Available data
****************
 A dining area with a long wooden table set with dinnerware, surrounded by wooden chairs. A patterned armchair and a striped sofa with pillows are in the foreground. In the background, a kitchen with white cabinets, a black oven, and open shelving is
****************
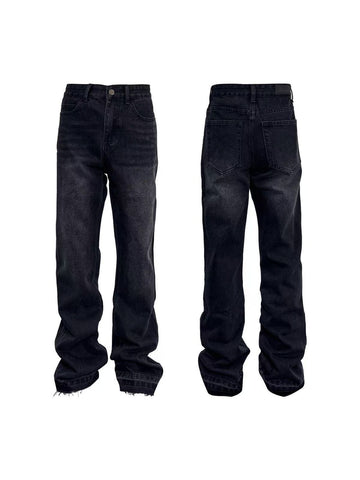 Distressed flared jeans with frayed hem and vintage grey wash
****************
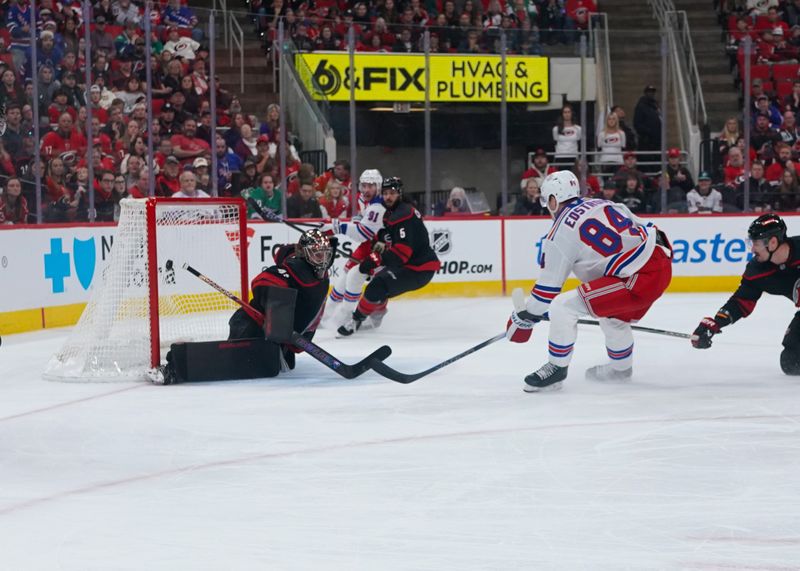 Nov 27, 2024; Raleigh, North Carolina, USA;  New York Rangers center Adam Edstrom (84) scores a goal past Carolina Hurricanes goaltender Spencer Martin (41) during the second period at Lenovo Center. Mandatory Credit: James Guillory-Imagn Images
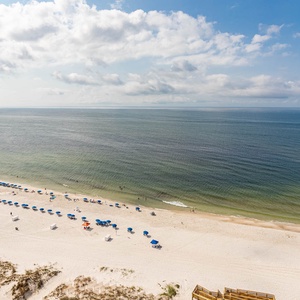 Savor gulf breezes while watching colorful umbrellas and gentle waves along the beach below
****************
Description of the task
Word for word, repeat the lines above from the one with "Nov 27, 2024;" through the one with "Savor gulf breezes", and nothing beyond them. Omit the pictures.

Your solution
 Nov 27, 2024; Raleigh, North Carolina, USA;  New York Rangers center Adam Edstrom (84) scores a goal past Carolina Hurricanes goaltender Spencer Martin (41) during the second period at Lenovo Center. Mandatory Credit: James Guillory-Imagn Images
 Savor gulf breezes while watching colorful umbrellas and gentle waves along the beach below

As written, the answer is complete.